Por Manuel Ignacio Gómez Lecaro
Diario EL UNIVERSO – Guayaquil, Ecuador
Sería bueno vivir en un país aburrido. Un país en el que los diarios no tuvieran tanto escándalo político que reportar. Un país como Suiza o incluso Chile, con partidos políticos formando alianzas en beneficio de la mayoría, políticos predecibles e instituciones sólidas.
Ecuador no tiene nada de aburrido. Siempre hay algo que comentar, algo por qué quejarse, alguien a quien culpar, más de una razón para querer largarse. Rara vez pasa una semana sin un escándalo de última hora. Los televisores amanecen con nuevas denuncias, acusaciones y estupideces políticas.
Sería bueno que la política en el país se volviese tan aburrida como la de Guayaquil. En Guayaquil llevamos ya varios años de continuidad, sin sobresaltos, sin escándalos, sin insultos, sin discursos interminables sobre lo que se debió hacer y no se hizo, sin ese típico folclore político tercermundista. Los noticieros locales nos hablan de nuevas obras por construirse, de obras y proyectos entregados... como debe ser. Las emociones las reservamos para el ámbito privado. Lo público cumple con su trabajo, es predecible, estable y se lo siente poco.

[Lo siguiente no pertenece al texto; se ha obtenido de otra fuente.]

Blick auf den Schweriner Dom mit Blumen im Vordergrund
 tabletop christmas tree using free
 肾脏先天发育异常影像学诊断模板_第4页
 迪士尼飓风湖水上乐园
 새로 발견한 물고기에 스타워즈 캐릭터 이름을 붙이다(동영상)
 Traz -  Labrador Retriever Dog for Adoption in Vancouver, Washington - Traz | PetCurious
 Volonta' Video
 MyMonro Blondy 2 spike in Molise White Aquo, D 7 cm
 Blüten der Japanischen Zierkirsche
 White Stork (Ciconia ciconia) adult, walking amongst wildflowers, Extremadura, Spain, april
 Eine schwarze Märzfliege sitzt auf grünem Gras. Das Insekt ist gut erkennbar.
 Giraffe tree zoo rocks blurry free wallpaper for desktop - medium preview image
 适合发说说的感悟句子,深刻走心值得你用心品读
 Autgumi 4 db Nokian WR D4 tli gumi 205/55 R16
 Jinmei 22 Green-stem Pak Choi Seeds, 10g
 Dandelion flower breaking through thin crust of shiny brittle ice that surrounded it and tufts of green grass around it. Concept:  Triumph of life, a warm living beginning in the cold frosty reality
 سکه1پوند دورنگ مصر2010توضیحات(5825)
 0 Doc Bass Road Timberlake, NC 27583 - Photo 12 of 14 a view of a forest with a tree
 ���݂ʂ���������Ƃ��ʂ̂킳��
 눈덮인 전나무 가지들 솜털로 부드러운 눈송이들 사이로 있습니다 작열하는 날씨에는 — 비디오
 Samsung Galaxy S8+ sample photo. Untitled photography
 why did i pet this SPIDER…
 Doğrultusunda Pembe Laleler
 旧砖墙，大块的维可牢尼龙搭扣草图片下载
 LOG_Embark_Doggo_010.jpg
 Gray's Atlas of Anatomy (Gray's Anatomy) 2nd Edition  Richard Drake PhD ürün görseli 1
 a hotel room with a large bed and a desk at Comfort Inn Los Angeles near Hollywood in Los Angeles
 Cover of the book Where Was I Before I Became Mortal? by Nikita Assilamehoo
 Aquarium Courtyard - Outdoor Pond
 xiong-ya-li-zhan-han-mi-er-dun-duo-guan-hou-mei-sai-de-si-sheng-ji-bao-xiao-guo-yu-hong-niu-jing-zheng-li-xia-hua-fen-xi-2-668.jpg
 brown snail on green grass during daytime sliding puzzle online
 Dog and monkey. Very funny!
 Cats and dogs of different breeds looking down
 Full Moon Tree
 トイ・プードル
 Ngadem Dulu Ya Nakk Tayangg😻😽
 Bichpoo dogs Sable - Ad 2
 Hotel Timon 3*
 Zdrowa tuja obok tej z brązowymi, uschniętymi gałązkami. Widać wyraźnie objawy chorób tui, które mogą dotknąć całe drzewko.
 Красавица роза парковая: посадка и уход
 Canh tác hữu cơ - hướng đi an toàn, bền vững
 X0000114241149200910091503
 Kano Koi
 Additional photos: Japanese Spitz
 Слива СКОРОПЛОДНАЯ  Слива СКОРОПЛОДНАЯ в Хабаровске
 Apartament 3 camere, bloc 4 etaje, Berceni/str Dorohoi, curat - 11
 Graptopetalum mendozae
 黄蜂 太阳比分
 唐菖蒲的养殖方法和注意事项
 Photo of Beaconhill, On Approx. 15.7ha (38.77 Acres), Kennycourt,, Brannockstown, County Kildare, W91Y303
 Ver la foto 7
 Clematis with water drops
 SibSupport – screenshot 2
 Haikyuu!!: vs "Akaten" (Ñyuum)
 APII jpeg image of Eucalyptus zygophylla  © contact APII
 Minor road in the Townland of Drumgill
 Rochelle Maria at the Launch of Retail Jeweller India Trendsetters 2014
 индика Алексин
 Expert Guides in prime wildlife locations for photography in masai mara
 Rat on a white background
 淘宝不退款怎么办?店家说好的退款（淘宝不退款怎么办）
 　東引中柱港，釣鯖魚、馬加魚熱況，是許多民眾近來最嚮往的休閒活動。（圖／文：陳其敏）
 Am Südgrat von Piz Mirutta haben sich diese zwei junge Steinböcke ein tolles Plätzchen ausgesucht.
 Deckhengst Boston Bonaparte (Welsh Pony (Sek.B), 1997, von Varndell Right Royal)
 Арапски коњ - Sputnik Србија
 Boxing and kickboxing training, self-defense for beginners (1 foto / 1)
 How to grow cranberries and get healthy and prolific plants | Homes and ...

Llegan las elecciones y nos emocionamos por saber si se lanza fulano, que si pactan tales partidos, que si será año de outsiders o insiders. Y es que nuestro futuro como país depende, en gran medida, de quien duerma en Carondelet. En los países aburridos no importa realmente quién gane las elecciones. Sus instituciones y leyes son tan sólidas que ni el peor presidente puede destruirlas.
Veo a Chile, un país cada vez más aburrido y predecible. Dos buenos candidatos disputaron la presidencia. Los chilenos no votaron por el mal menor, ni escogieron entre su supervivencia o su naufragio. Votaron entre buenas opciones que garantizaban continuidad. Nada de sobresaltos, emociones, ni preocupaciones. Chile ha alcanzado ese punto ideal de gozar de gobiernos continuos, estables y aburridos. Veo a Estados Unidos, otro país aburrido en donde sin importar quién gobierne –y eso que ahora han caído bajo– las cosas continúan su marcha. Las instituciones fuertes, los gobiernos locales estables y la tradición democrática sobreviven a los gobiernos de turno. Ni el mismo Lucio podría hundir hoy a Chile o Estados Unidos si fuera su presidente. Países con política cambiante y emocionante como Ecuador, Perú o Bolivia no pueden decir lo mismo.
En este país difícilmente podemos aburrirnos entre cenicerazos en el Congreso, Pichis en la Corte, bailes presidenciales, pintorescas cadenas nacionales, insultos, órdenes de prisión, destituciones, intentos de golpe, en fin. Eso de la estabilidad, reuniones civilizadas, alianzas entre partidos, apoyo al Gobierno y trabajo sin escándalos aburre demasiado, y parece que a nuestros políticos no les interesa.
Los verdaderos cambios vendrán acompañados de un cambio de actitud y estilo. La actual administración de Guayaquil demuestra que la buena política es la aburrida, la que no ataca, la que hace su trabajo sin grandes poses ni discursos interminables, la que llega a acuerdos, la que construye, la que pasa más tiempo en su escritorio y menos frente a un micrófono. La política no debe entretenernos como una montaña rusa; debe servirnos, mejorar nuestro nivel de vida, y pasar desapercibida. Necesitamos líderes aburridos en el buen sentido de la palabra, para alcanzar gobiernos serios, estables, predecibles, y aburridos en el mejor sentido de la palabra.